Image-text web data:
----------

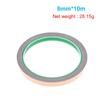 6-20mm Copper Tape Snail Adhesive EMI Shielding Conductive Adhesive Foil Tape for Stained Glass Paper Circuit Electrical Repair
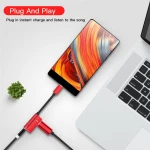 USB Type-c to 3.5mm 2 in 1 usb c male to 3.5mm +usb 3.1 female audio video cable Adapter Type C Cable for mobile phones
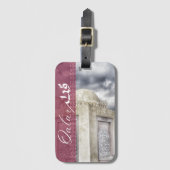 カタール伝統ラゲッジタグ ラゲッジタグ (正面縦)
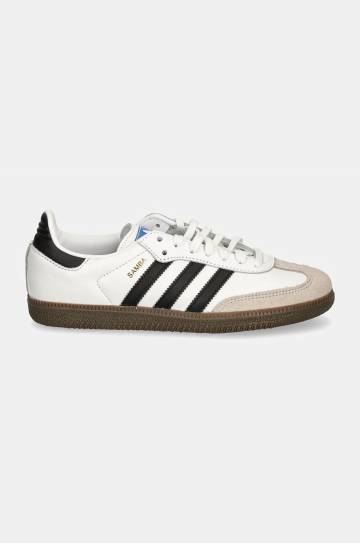 Кожаные кроссовки adidas Originals Samba OG цвет белый IE3675 Кожаные кроссовки adidas Originals Samba OG цвет белый IE3675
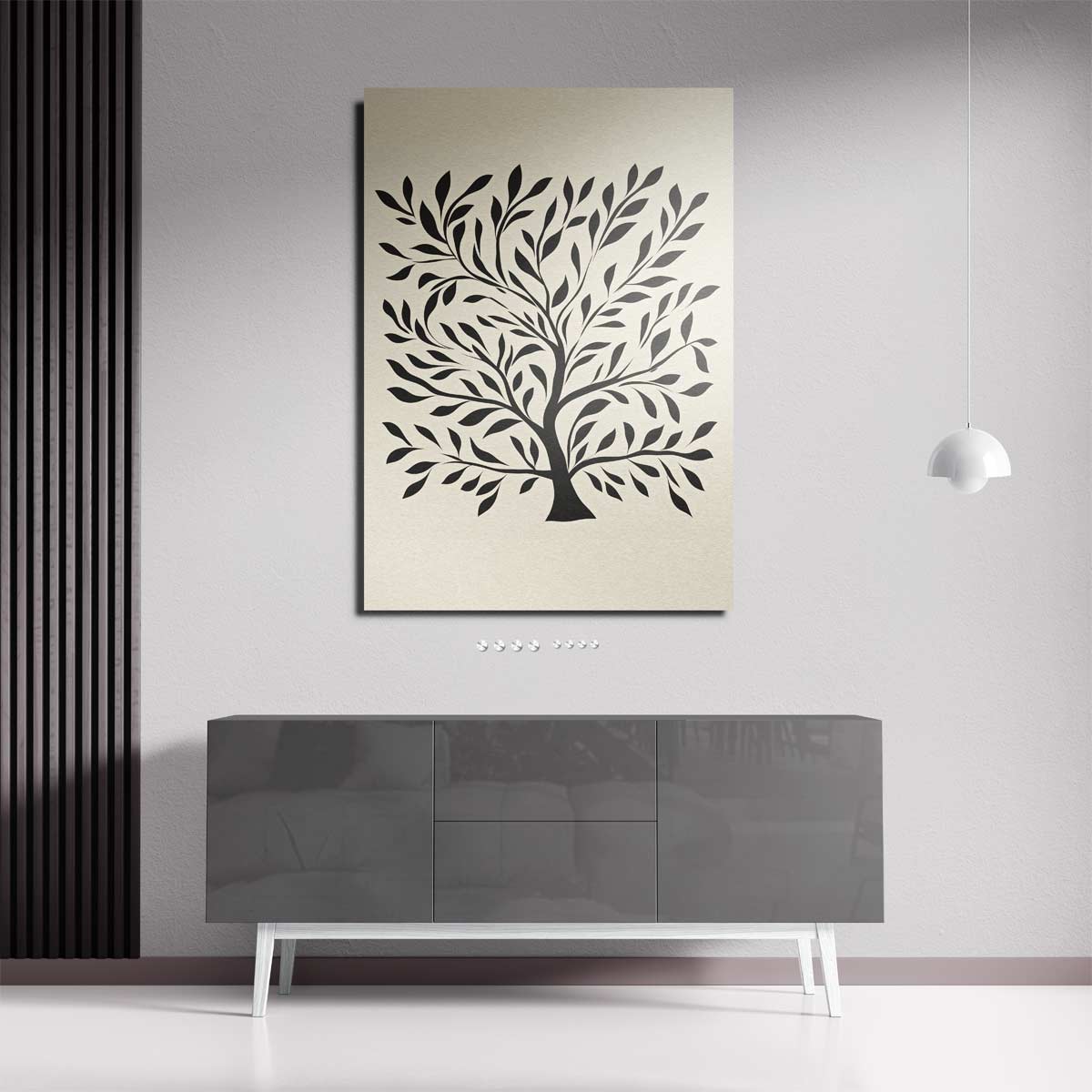 Boom van Sereniteit Kunstwerk-canvas-dibond-plexiglas-wanddecoratie-WallArtistic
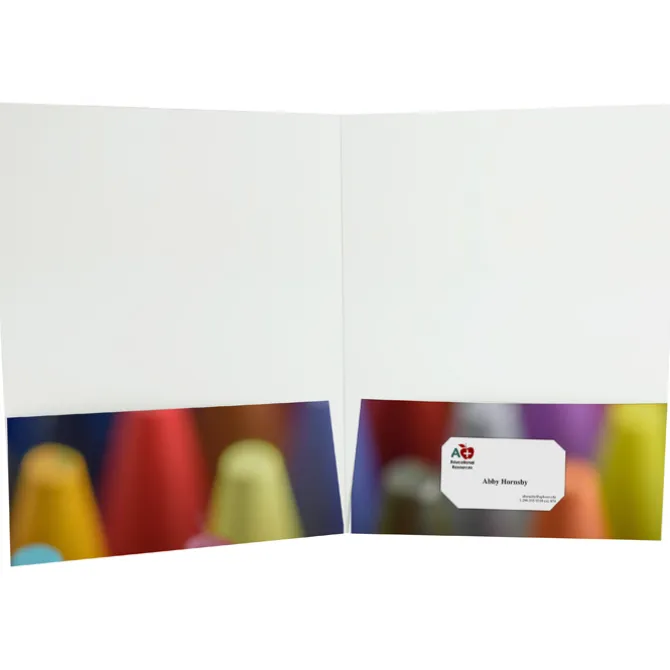 Soft Touch Two-Pocket Folder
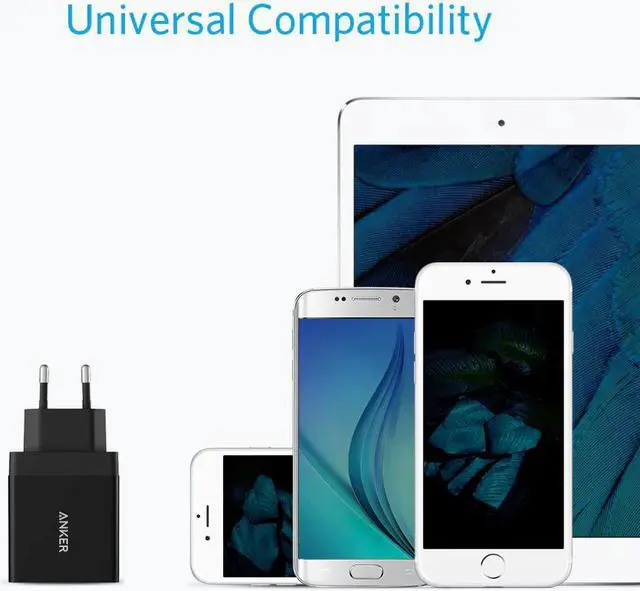 Alt view image 4 of 5 - 24W 2-Port USB Wall Charger (EU/UK Plug) and PowerIQ Technology for iPhone, iPad, Galaxy, Nexus, HTC, , LG etc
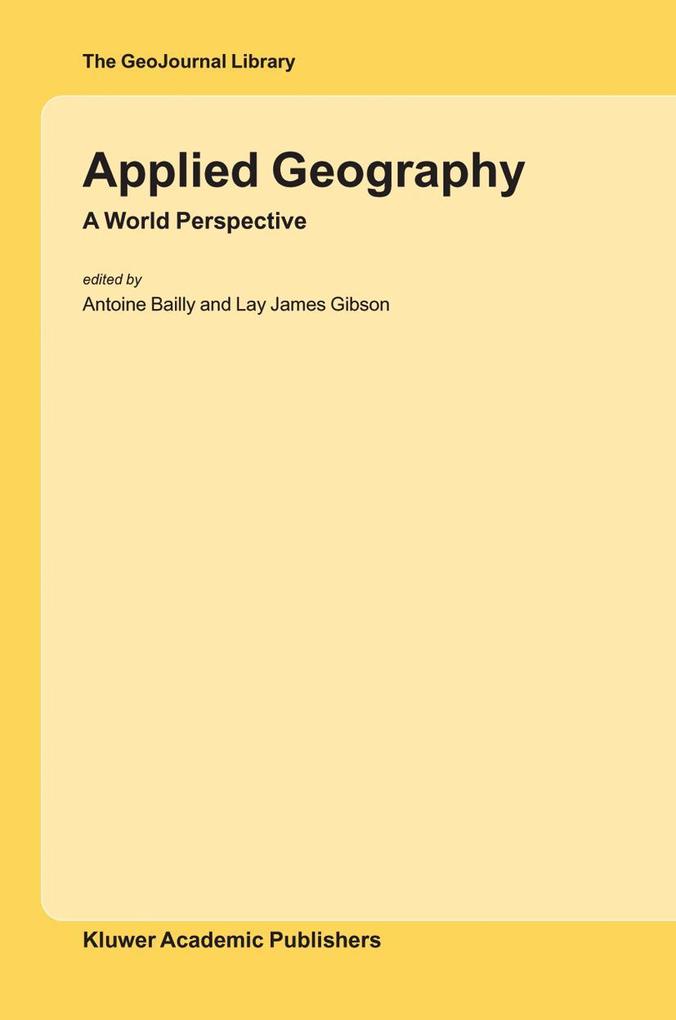 Applied Geography: A World Perspective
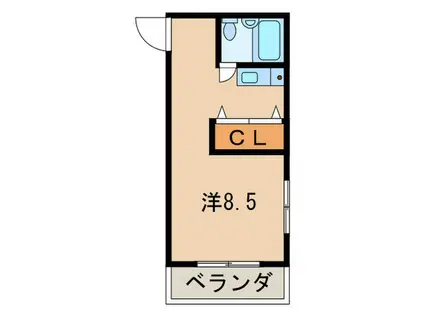 アパ-トメントハウスNN(ワンルーム/3階)の間取り写真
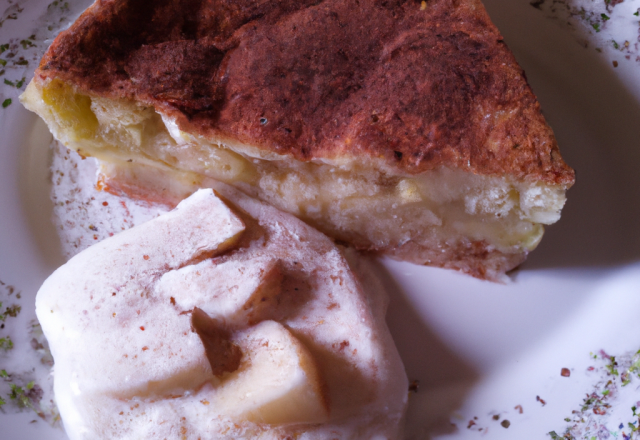 Gâteau au yaourt et aux pommes économique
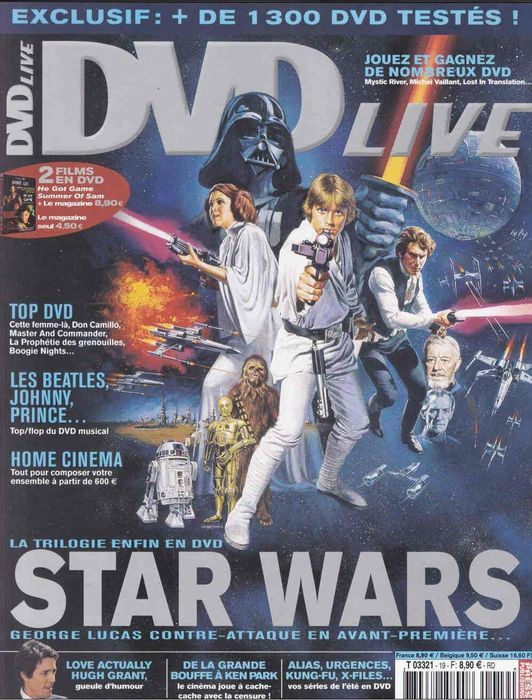 DVD LIVE magazine side cover Issue 19 July/August 2004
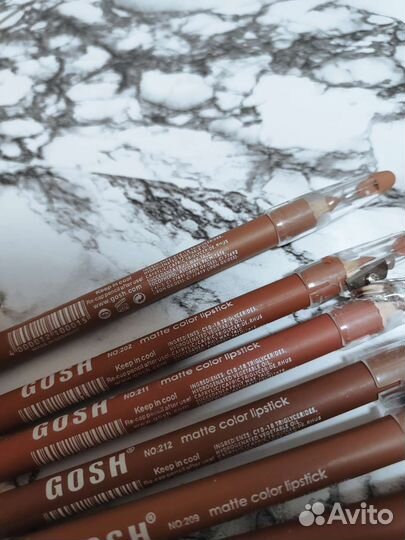 Нюдовые карандаши для губ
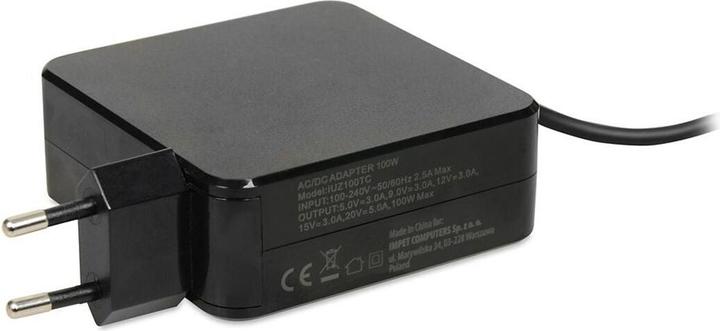 Produktbild iBox Uniwersalny Zasilacz Do Laptopa I-Box Iuz100tc Type-C Power Delivery 100w (100 W)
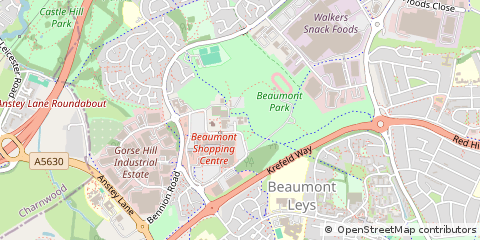 Map of Leicester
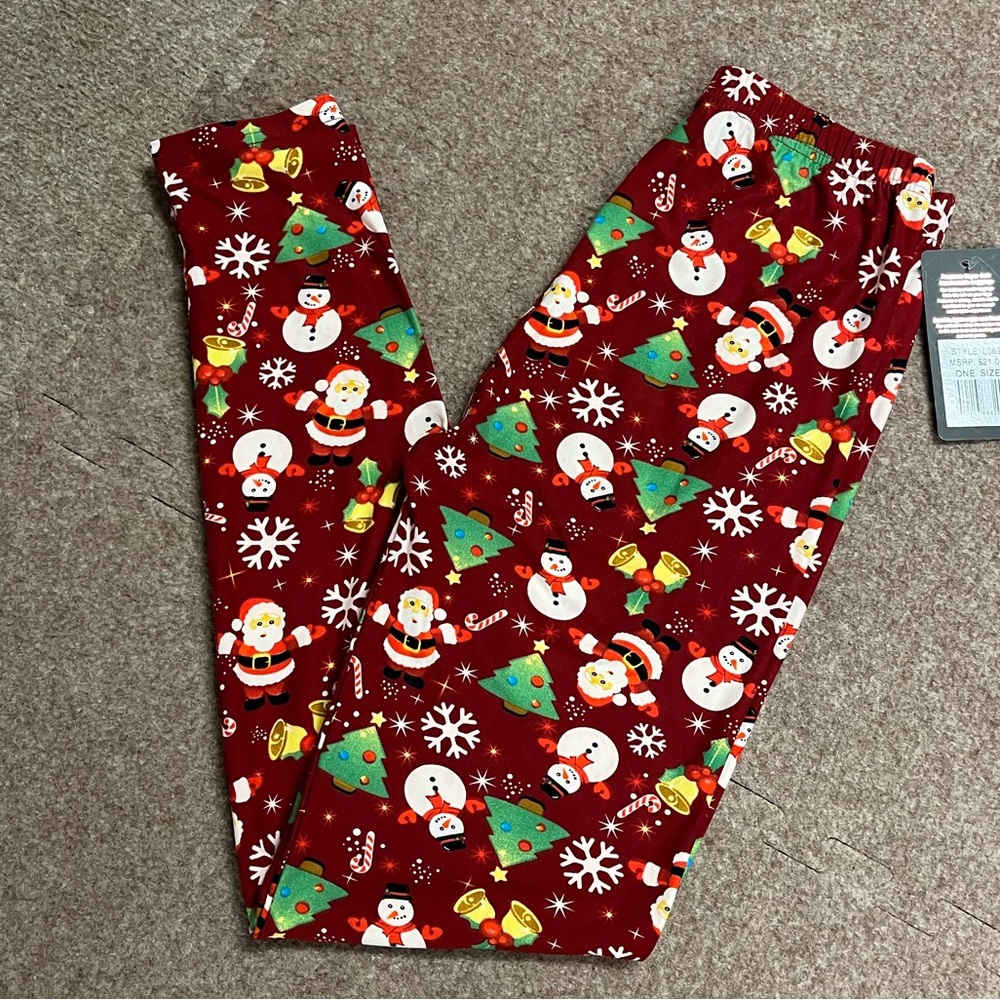 Lovely Boutique Christmas Stretch Pants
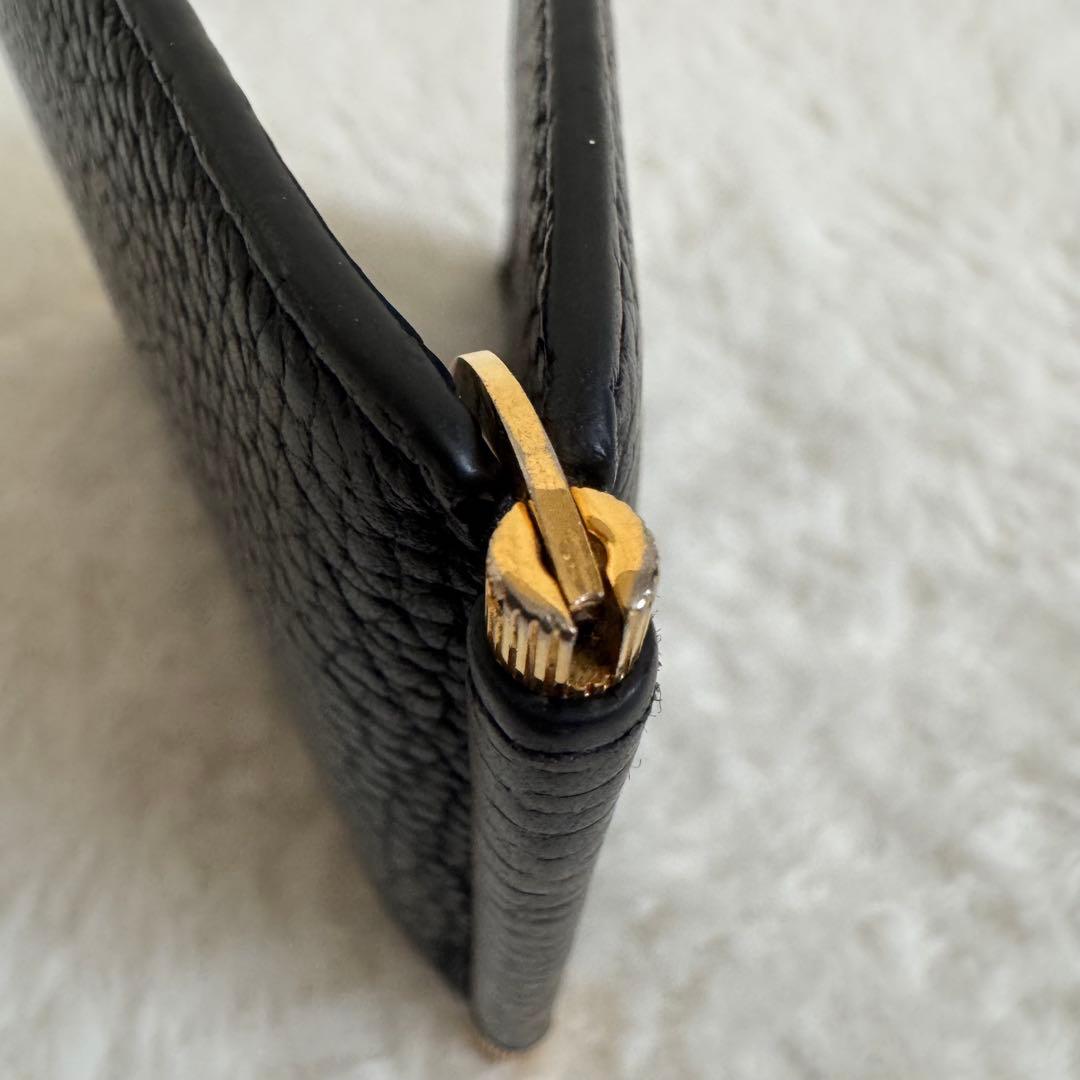 トムフォード　マネークリップ　シボ革　レザー　黒　付属品付き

----------

Exercise description
An exact copy of the lines above from the one with "USB Type-c to" up to and including the one with "белый IE3675 Кожаные" is required; reproduce only those lines, omitting all pictures.

Expected output
 USB Type-c to 3.5mm 2 in 1 usb c male to 3.5mm +usb 3.1 female audio video cable Adapter Type C Cable for mobile phones
 カタール伝統ラゲッジタグ ラゲッジタグ (正面縦)
 Кожаные кроссовки adidas Originals Samba OG цвет белый IE3675 Кожаные кроссовки adidas Originals Samba OG цвет белый IE3675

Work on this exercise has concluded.